### Goal of the exercise
The data below holds the lines to copy: everything from the line containing "Photo 30 — 7512" to the line containing "Молдинг SMG368", both ends included, set down exactly.

::::::::::

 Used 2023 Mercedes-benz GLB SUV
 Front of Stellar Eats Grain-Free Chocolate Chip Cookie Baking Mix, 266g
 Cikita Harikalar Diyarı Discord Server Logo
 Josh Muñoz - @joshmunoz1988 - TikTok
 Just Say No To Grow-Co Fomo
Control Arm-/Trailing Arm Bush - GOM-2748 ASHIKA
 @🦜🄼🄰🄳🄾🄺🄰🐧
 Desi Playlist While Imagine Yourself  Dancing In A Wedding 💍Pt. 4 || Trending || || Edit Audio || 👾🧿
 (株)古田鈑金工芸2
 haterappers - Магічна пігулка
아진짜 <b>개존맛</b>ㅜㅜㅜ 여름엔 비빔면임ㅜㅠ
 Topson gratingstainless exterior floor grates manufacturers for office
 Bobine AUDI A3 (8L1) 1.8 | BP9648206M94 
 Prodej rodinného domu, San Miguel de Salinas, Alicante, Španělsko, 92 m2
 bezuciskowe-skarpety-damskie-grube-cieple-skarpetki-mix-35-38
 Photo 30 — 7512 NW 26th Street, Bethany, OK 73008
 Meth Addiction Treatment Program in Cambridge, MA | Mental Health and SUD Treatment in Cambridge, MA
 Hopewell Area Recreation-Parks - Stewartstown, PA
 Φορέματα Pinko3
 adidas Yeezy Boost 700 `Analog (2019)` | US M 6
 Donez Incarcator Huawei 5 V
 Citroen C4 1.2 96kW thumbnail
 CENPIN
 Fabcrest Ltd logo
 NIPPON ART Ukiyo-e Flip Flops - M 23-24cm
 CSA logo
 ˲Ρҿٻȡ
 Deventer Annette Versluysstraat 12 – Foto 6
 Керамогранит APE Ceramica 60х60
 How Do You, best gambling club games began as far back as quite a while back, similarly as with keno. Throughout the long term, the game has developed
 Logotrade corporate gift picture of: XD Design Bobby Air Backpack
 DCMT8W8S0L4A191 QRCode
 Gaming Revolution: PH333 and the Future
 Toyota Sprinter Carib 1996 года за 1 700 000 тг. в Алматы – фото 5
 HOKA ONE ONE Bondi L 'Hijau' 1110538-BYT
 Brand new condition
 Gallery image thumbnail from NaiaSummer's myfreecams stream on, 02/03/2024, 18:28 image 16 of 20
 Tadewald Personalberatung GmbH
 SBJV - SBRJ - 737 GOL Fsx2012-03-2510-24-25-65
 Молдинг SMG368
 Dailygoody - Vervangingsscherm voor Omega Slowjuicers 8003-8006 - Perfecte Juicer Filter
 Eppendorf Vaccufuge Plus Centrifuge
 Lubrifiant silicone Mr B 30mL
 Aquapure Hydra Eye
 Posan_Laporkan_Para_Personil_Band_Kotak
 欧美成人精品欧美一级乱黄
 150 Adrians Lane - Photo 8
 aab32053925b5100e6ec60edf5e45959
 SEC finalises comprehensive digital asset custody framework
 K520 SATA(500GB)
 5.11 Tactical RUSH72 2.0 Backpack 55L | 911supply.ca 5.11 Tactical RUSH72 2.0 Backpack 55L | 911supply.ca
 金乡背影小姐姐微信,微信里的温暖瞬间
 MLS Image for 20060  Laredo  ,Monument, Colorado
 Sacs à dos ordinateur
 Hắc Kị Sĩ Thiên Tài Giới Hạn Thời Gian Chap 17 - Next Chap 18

::::::::::

### Written answer
 Photo 30 — 7512 NW 26th Street, Bethany, OK 73008
 Meth Addiction Treatment Program in Cambridge, MA | Mental Health and SUD Treatment in Cambridge, MA
 Hopewell Area Recreation-Parks - Stewartstown, PA
 Φορέματα Pinko3
 adidas Yeezy Boost 700 `Analog (2019)` | US M 6
 Donez Incarcator Huawei 5 V
 Citroen C4 1.2 96kW thumbnail
 CENPIN
 Fabcrest Ltd logo
 NIPPON ART Ukiyo-e Flip Flops - M 23-24cm
 CSA logo
 ˲Ρҿٻȡ
 Deventer Annette Versluysstraat 12 – Foto 6
 Керамогранит APE Ceramica 60х60
 How Do You, best gambling club games began as far back as quite a while back, similarly as with keno. Throughout the long term, the game has developed
 Logotrade corporate gift picture of: XD Design Bobby Air Backpack
 DCMT8W8S0L4A191 QRCode
 Gaming Revolution: PH333 and the Future
 Toyota Sprinter Carib 1996 года за 1 700 000 тг. в Алматы – фото 5
 HOKA ONE ONE Bondi L 'Hijau' 1110538-BYT
 Brand new condition
 Gallery image thumbnail from NaiaSummer's myfreecams stream on, 02/03/2024, 18:28 image 16 of 20
 Tadewald Personalberatung GmbH
 SBJV - SBRJ - 737 GOL Fsx2012-03-2510-24-25-65
 Молдинг SMG368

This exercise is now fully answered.